Essa é a resposta fundamental buscada no exercício de sua fé pela transcendência da vida física, pelo mundo perfeito onde a morte não existe, objeto de estudo da antropologia que aponta muitas evidências dessa busca desde os primórdios da humanidade, em ritos e adorações.
E de todas as espécies animais, apenas ele, o homem, dedica-se a essa busca – certamente por ser o único capaz de prever tal evento.
As doenças abreviam a vida e tantas vezes precipitam uma trajetória existencial longa, levando a uma precoce sucumbência. O medo da doença pelo medo da morte faz o homem investir em tecnologia química, em poções, drágeas ou cremes, seja pela intenção de retardar o seu fim, seja pela intenção de evitar um processo que o leve a ele.
A alquimia dos tempos modernos dá a garantia de longevidade, mas também cobra o seu preço. Muitas patologias são consequências dos processos utilizados na indústria alimentícia que torna antinaturais as ações elementares da própria sobrevivência, mas esse é um assunto para outro artigo.
O Mal de Alzheimer é uma patologia degenerativa que leva a pessoa a perdas progressivas de suas memórias, de suas referências, de seus papéis, de suas conexões afetivas.
A pessoa acometida desse mal morre todos os dias um pouco, até tornar-se uma espécie de zumbi, onde a vida se resumirá a um encarceramento no próprio corpo que ainda pulsará, porém sem referências de existência, sem a consciência de que se está vivo.
Talvez essa seja a forma mais cruel para morrer, se é que há outras maneiras que se possa propriamente chamar de desejáveis.
Para exemplificar o mal de Alzheimer para quem é acometido por essa doença, podemos pensar num smartphone moderno e sofisticado, com muitos recursos, porém, sem esses recursos.
Um smartphone com grande capacidade de processamento, mas que não processa, com boa capacidade de memória, mas que não armazena, com agenda multitarefas que não salva os registros inseridos, com wi-fi sem conexão, com aplicativos que não se aplicam, com antena sem sinal.
Ou seja, ele existe, mas não existe! Vivo, porém morto!
Dubito, ergo cogito, ergo sum, ou seja, “eu duvido, logo penso, logo existo”. Essa foi a conclusão do filósofo francês Descartes, quando ao duvidar de sua própria existência constatou que a consciência do pensar afirmava essa condição.
O portador do Mal de Alzheimer, num dado momento e pelo avanço da degeneração, é incapaz de reconhecer-se. Logo, non dubito, non ergo cogito, non ergo sum.
Recordo que na minha infância costumava brincar com outras crianças de uma brincadeira chamada morto-vivo.
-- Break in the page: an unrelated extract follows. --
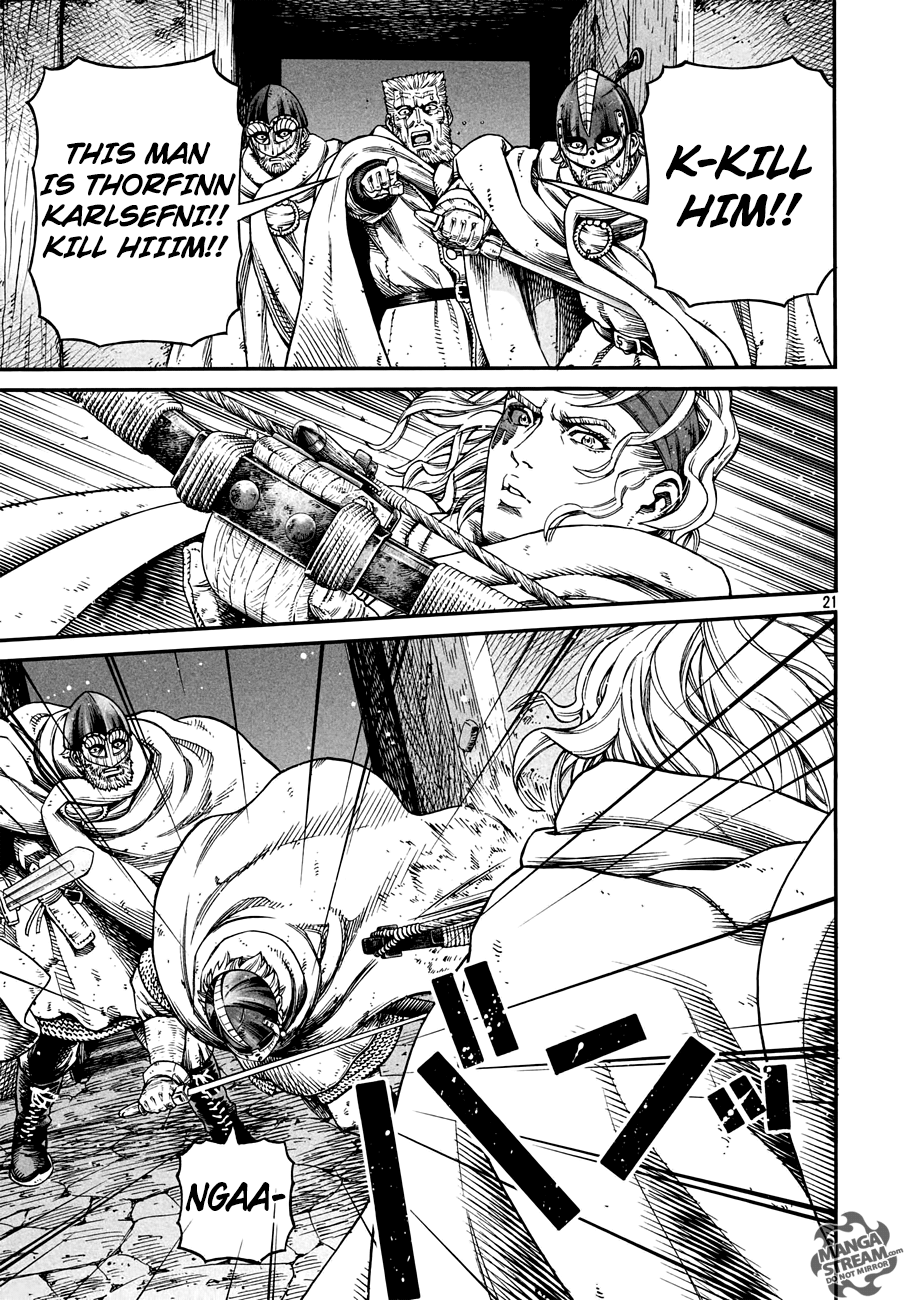 Read Vinland Saga (EN) Manga Online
Alguém comandava a brincadeira alternando aleatoriamente o comando verbal “morto ou vivo”, e então as crianças agachavam ou ficavam em pé, conforme a ordem dada.
Quando penso em quem padece do Mal de Alzheimer imagino essa brincadeira, cujo efeito ao comando, independente de qual seja, a partir de um determinado momento, se reduz ao comportamento “morto”, ainda que esteja no cenário da brincadeira.
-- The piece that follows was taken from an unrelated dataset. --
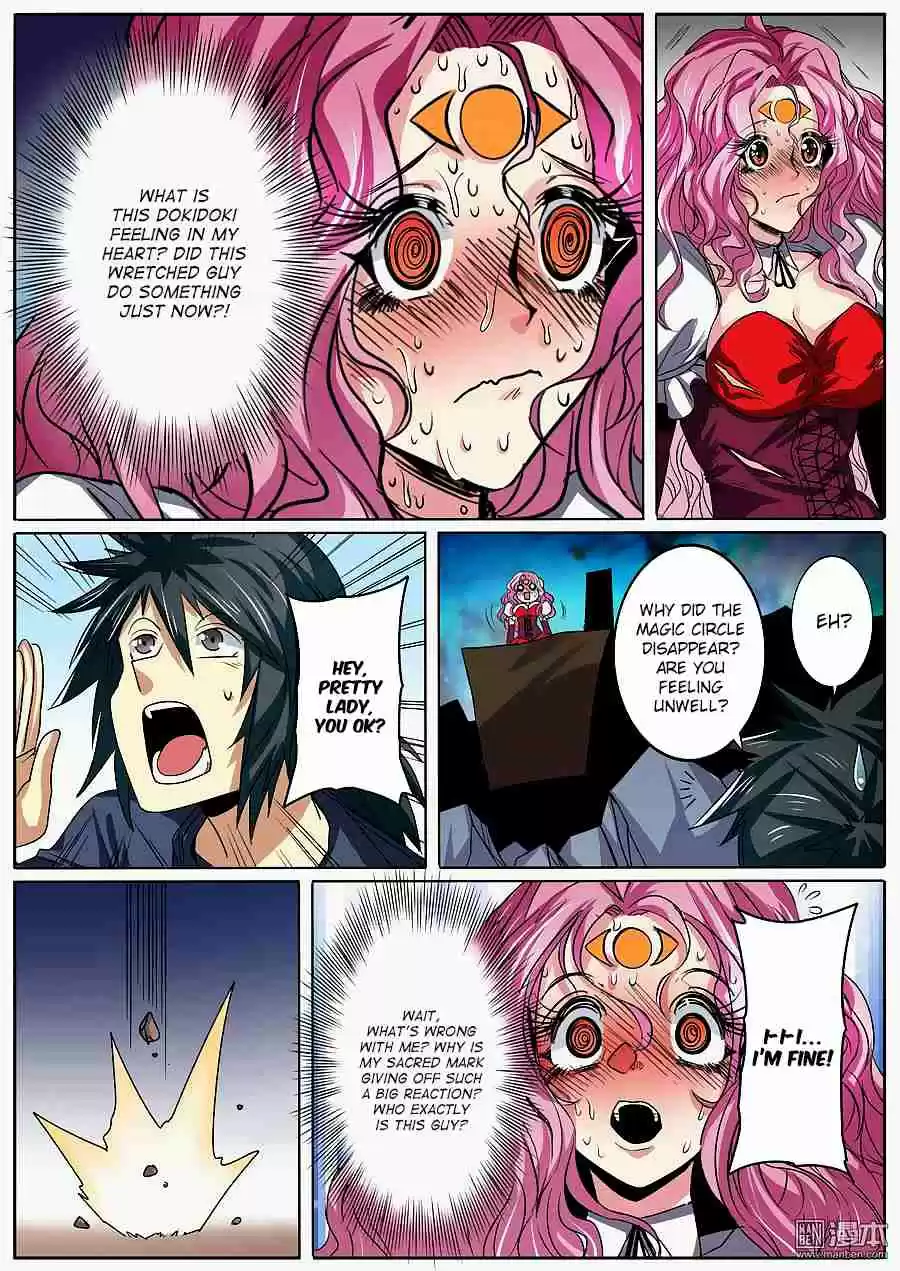 Hero? I Quit A Long Time Ago Ch. 49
Sob a perspectiva dos que assistem o padecimento de quem é acometido por esse mal, o sofrimento pode ser ainda maior. Não ser reconhecido, por exemplo, por quem te cuidou pela vida, trocou suas fraldas, te alimentou, te fez dormir, te afagou, te contou histórias, levou à escola, conduziu pelas mãos, ensinou os caminhos da vida, é algo realmente muito triste.
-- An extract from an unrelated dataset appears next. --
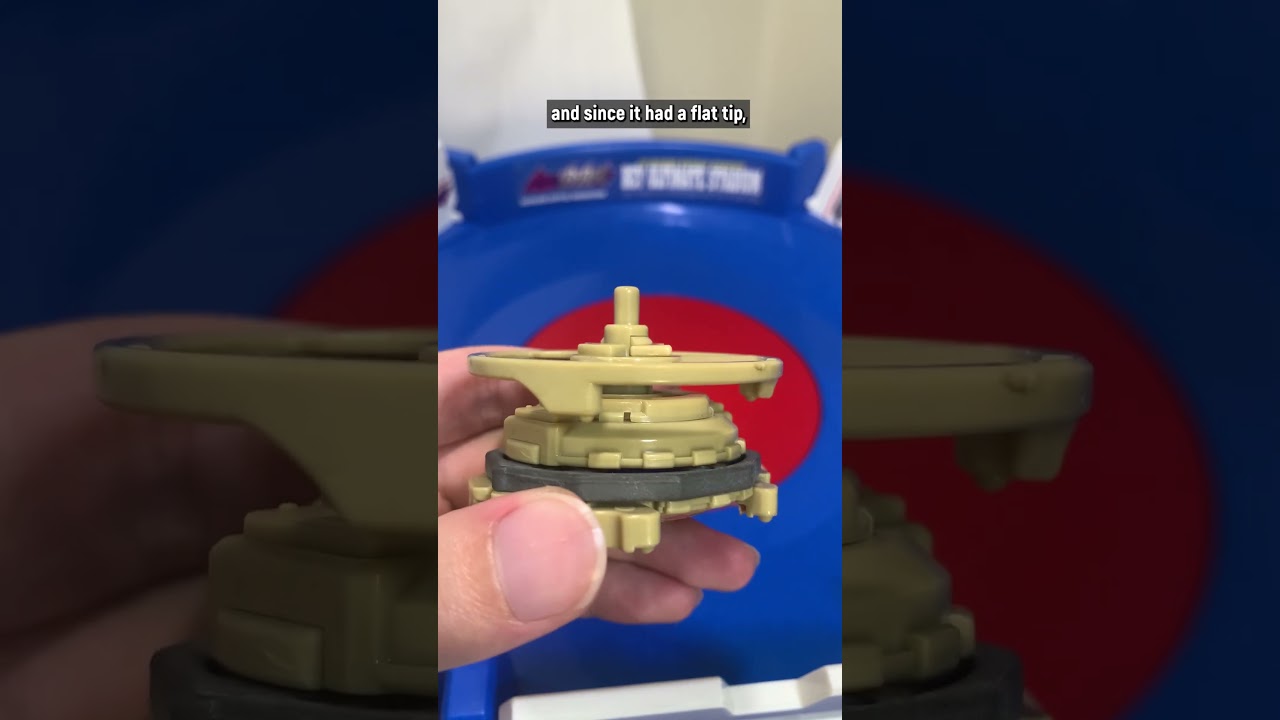 No one knows this beyblade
Os registros de memórias dos que convivem com o adoentado fazem com que essa tristeza seja vivida a cada lembrança, o que provavelmente não será, pela ausência de registros, sentido por quem padece do mal.
Pode-se definir esse estado como um velório de corpo presente (vivo-morto) cujo sepultamento será determinado por circunstâncias não propriamente previsíveis, que eleva a angústia e o sentimento de impotência dos que velam, ante o fato e a constatação de falência.
O Mal de Alzheimer não tem um prognóstico favorável pelo desconhecimento de sua reversibilidade e por intervenções ainda paliativas e incertas. As condolências pelo passamento são renovadas a cada dia, a cada bom dia sem resposta, a cada ato agressivo, a cada negação de si ou do outro, pela constatação do inanimado, pela luz que se apaga, pela vida que se esvai, pelo cessar da brincadeira. Vivo-morto, morto-vivo.